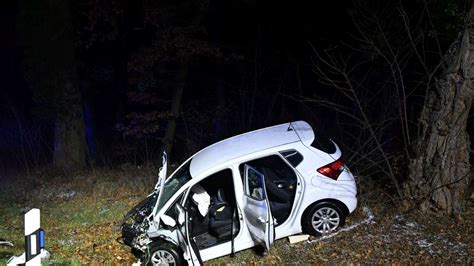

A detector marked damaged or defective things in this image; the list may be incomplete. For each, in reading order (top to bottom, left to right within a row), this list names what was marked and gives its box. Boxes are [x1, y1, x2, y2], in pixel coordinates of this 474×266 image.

crashed white car [120, 121, 358, 264]
damaged car body panel [120, 121, 358, 264]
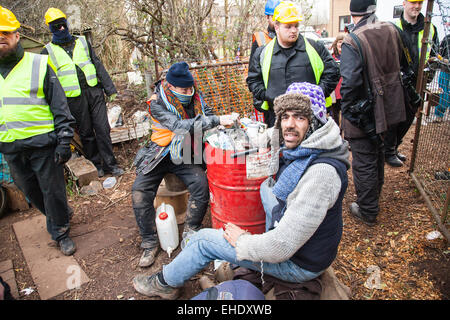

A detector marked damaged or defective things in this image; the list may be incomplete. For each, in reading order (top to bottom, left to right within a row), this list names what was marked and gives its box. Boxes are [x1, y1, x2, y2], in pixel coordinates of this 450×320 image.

rusty oil drum [205, 144, 268, 234]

_____

- _TASK ITEM_
All lines from the one containing "this 450×320 image." through the last line of the data must be set down exactly. No other lines belong in the answer.

- _EXERCISE RESULT_
A detector marked damaged or defective things in this image; the list may be incomplete. For each, in reading order (top to bottom, left to right within a row), this list names what was marked and gives its box. Boxes are [x1, y1, x2, y2], in pixel coordinates of this 450×320 image.

rusty oil drum [205, 144, 268, 234]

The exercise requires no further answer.